Re: How to create an additional cluster in Cassandra exclusively for Analytics Purpose

Posted by Bhuvan Rawal <bh...@gmail.com>.
Well thats certainly true, there are these points worth discussing here :

1. Scatter Gather queries - Especially if the cluster size is large. Say we
have a 20 node cluster, and we are searching 100 times a second. then
effectively coordinator would be hitting each node 2000 times (20*100) That
factor will only increase as the number of node goes higher.
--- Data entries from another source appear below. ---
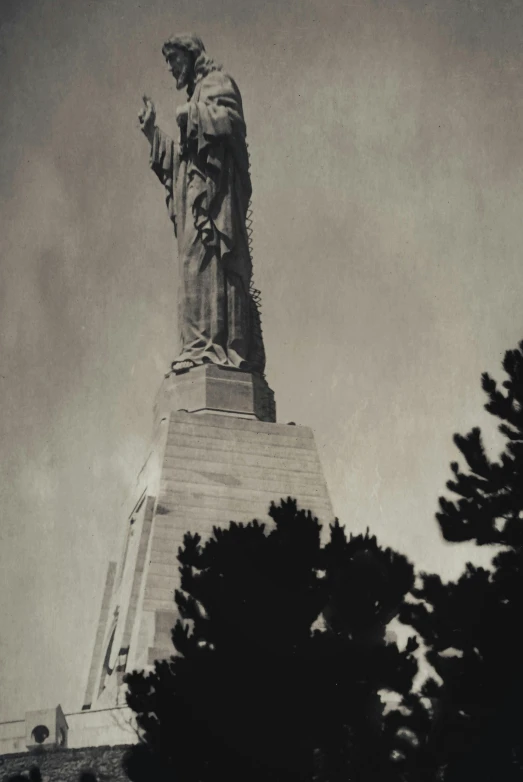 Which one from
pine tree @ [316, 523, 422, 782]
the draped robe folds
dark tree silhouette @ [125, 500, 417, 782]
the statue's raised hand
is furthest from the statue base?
pine tree @ [316, 523, 422, 782]

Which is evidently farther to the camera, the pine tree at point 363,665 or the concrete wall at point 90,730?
the concrete wall at point 90,730

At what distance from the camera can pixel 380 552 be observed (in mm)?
10164

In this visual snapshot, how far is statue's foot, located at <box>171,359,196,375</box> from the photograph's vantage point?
60.2 ft

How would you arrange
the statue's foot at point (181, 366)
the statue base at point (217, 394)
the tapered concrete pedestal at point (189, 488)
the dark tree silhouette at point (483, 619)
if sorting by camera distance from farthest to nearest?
1. the statue's foot at point (181, 366)
2. the statue base at point (217, 394)
3. the tapered concrete pedestal at point (189, 488)
4. the dark tree silhouette at point (483, 619)

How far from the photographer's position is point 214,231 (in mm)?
18953

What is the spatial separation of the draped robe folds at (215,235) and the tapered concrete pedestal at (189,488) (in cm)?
75

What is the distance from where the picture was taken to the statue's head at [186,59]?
64.5ft

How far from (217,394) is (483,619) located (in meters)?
8.15

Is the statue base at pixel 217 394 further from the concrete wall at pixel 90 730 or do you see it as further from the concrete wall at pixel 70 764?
the concrete wall at pixel 70 764

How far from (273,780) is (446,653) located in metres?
5.77

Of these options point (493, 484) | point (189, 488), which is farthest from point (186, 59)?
point (493, 484)

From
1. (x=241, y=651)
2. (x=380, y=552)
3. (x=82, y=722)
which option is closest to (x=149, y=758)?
(x=241, y=651)

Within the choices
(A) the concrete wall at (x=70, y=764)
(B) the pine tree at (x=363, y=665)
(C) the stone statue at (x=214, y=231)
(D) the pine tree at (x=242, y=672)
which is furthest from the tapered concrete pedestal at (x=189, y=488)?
(B) the pine tree at (x=363, y=665)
Im sure having
a centralized index alleviates that problem.
2. High Cardinality (For columns like email / phone number)
3. Low Cardinality (Boolean column or any column with limited set of
available options).

SASI seems to be a good solution for Like queries this doc
<https://github.com/apache/cassandra/blob/trunk/doc/SASI.md> looks really
promising. But wouldn't it be better to tackle the use cases of search
differently than from data storage ones, from a design standpoint?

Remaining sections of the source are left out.